» Activity: Could you retype every line below exactly, omitting the images?

» Entries taken from a collection:
○ ○ ○ ○ ○

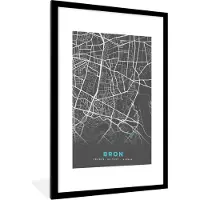 PosterMonkey Fotolijst incl. Poster - Bron - Plattegrond - Kaart - Frankrijk - Stadskaart - 60x90 cm - Posterlijst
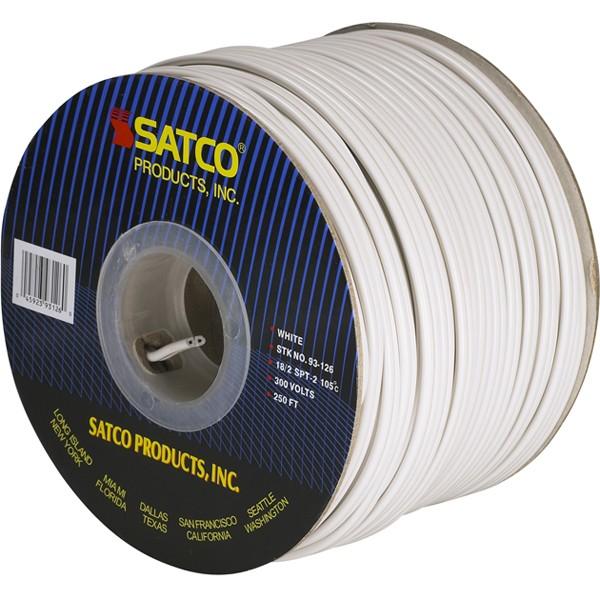 Lamp And Lighting Bulk Wire - 18/2 SPT-2 105C - 250 Foot/Spool - White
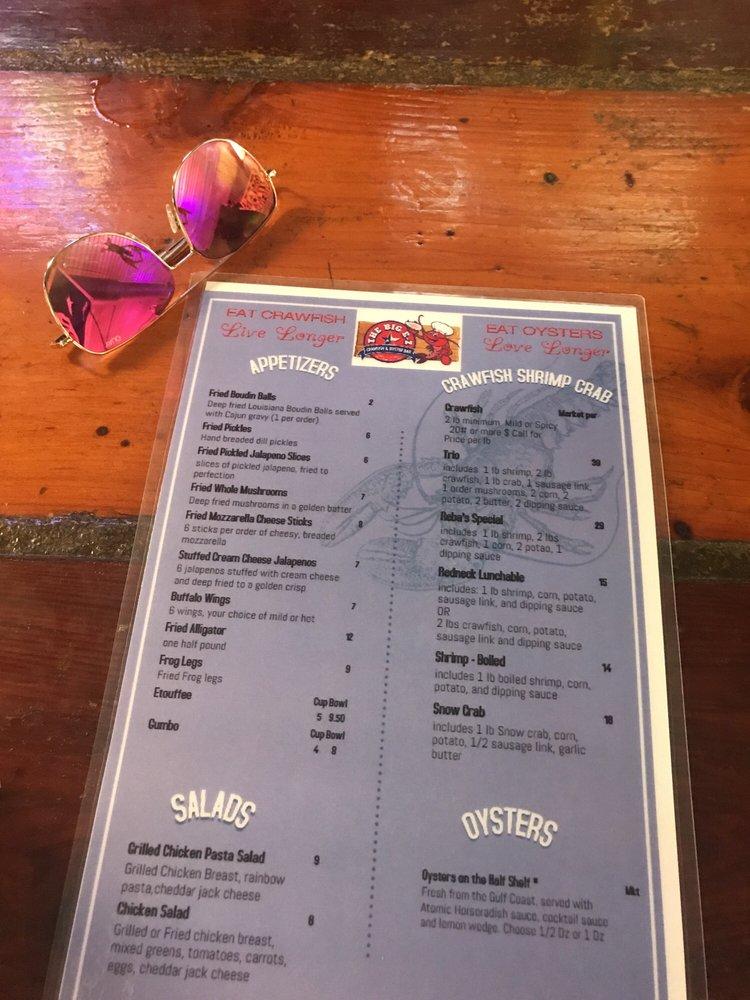 Menu at The Big EZ Crawfish & Oyster Bar, Huntsville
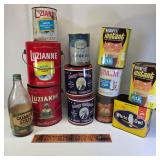Advertising Tins & Oil Bottle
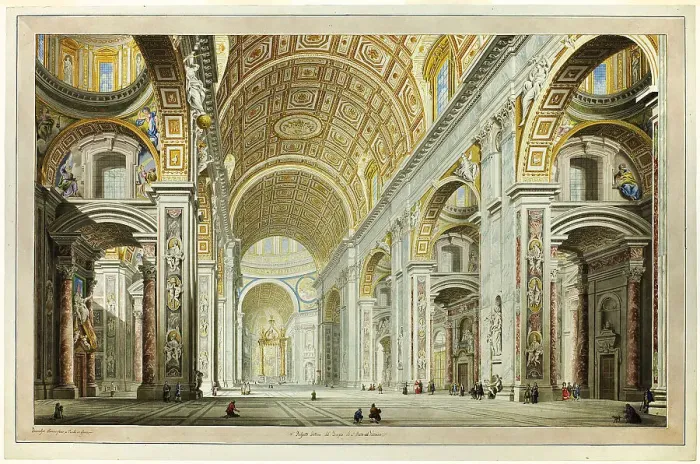 Framed Print : Interior View of the Church of St. Peter's in the Vatican, c.1770. Creator: Francesco Panini Framed Print : Interior View of the Church of St. Peter's in the Vatican, c.1770. Creator: Francesco Panini
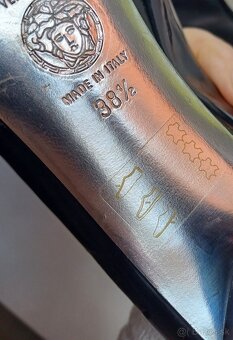 Versace originál čierne vysoké poltopánky z pravej kože 38.5 - 4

○ ○ ○ ○ ○

» Output of the task:
 PosterMonkey Fotolijst incl. Poster - Bron - Plattegrond - Kaart - Frankrijk - Stadskaart - 60x90 cm - Posterlijst
 Lamp And Lighting Bulk Wire - 18/2 SPT-2 105C - 250 Foot/Spool - White
 Menu at The Big EZ Crawfish & Oyster Bar, Huntsville
Advertising Tins & Oil Bottle
 Framed Print : Interior View of the Church of St. Peter's in the Vatican, c.1770. Creator: Francesco Panini Framed Print : Interior View of the Church of St. Peter's in the Vatican, c.1770. Creator: Francesco Panini
 Versace originál čierne vysoké poltopánky z pravej kože 38.5 - 4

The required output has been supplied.